Forum Replies Created
April 15, 2012 at 1:56 pm in reply to: Lecture9 The Polis – Percentage of Citizens with voting rights? #16304
In a democratic state like Athens, all citizens had voting rights, but not all inhabitants were citizens. Citizenship was limited in most poleis to free adult males who had at least one parent from the city in question. This means that in a city like Athens, where the majority of the population was slaves, only a small percentage of the inhabitants were citizens.
There is a thorough discussion of the concept of Greek citizenship in Book III of Aristotle’s “Politics.”
Eric, I welcome your comment here, of course, but is it possible you intended this one for the 2nd U.S. course’s board?
The Mesopotamians did have a cyclical view of time. I don’t know whether there’s a direct connection between that fact and the convention of script you point out.

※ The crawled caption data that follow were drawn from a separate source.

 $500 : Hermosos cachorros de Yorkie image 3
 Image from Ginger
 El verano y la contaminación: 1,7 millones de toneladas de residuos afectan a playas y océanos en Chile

Eric, here’s the response from my colleague:
“As far as I am aware, classical Akkadian does not have word dividers or punctuation marks. Yet, the English punctuation provided is not entirely arbitrary. For instance, questions would be implied by the presence of an interrogative or by lengthening the last syllable of a phrase. Likewise, imperatives might be indicated by “la.” But, as you suggested, some of the punctuation is going to depend on the instincts of the translators (his feel for the context).
Some cuneiform languages, such as Ugaritic, employ a small triangle as a divider between words, but no punctuation marks. Perhaps some cuneiform-based languages use punctuation marks, but if so I am unaware of this practice. Even paleo-Hebrew and Greek did not employ punctuation marks.”
Eric, before I give you my gut reaction, I’m running this by a colleague who actually has some knowledge of Akkadian. I’ll let you know as soon as I hear from him.
Walter, thanks for your comments, and I’m glad to know you believe the subscription is worth the money. Please spread the word as much as you can. The more subscribers we have, the more lecture series we can make available to everyone! I’d love to see a dozen or more series on the website within a few years, but each one is pretty costly to produce, so we need the subscriber base to justify them.
I don’t want to be unduly dismissive of this interpretation, so let’s analyze it a bit.
The speaker in this video appears to be reasoning thus: the pyramids are so marvelous that they could not have been built by the ancient Egyptians in the time available to them with the tools they had. I believe this argument can be challenged in a few ways.
First, he’s resting the entire argument on the Great Pyramid of Giza and not making references to the many other pyramids in Egypt constructed earlier. If you look at these earlier pyramids, you see many that were the product of inferior engineering. Several collapsed during construction. They did not contain the same degree of mathematical accuracy as the Great Pyramid. We can infer that pyramid-building was a progressively developed science in ancient Egypt over several centuries, and the Great Pyramid represents its pinnacle.
Second, his assumptions concerning the manpower and time devoted to pyramid construction are (I think) arbitrary. There’s no reason why the pharaohs might not have had a year-round conscript force working on a pyramid during his lifetime, and I seem to remember reading somewhere that the largest pyramids took more than 20 years.
If you really want to dig into the pyramids, there is a good lecture series published by the Great Courses titled “Great Pharaohs of Ancient Egypt” taught by an Egyptologist who has actually been inside several pyramids, seen the burial chambers, etc.
It’s pretty clear that the author was a member of the priestly caste, but beyond that we can’t identify a particular person.
We can’t even say for certain that there was just one author; some variations in style in different parts of the epic lead many scholars to speculate that there’s more than one set of authorial “fingerprints” on the work.
Walter, the Akkadian Empire collapsed around 2100 B.C. primarily due to external pressure, specifically, attacks from hill peoples coming from outside Mesopotamia. Frequently in world history marauders will come into a settled area, cause a lot of chaos, and then turn around and leave. The pre-existing authorities in the region aren’t always able to pick up the pieces.
Other times the invaders will try to stick around and run the territory they’ve invaded with varying degrees of success. There’s no hard and fast rule on this . . . you just have to look at the particulars of the situation.
I hope this answers your question.
Thanks for the link, Walter. I’ll view this and get back to you tomorrow. (This semester, Monday and Wednesday are my heavy teaching days, leaving little time to interact on the forums.)
Sure thing, if you’ll sign my copy of the Founding Fathers’ Guide to the Constitution.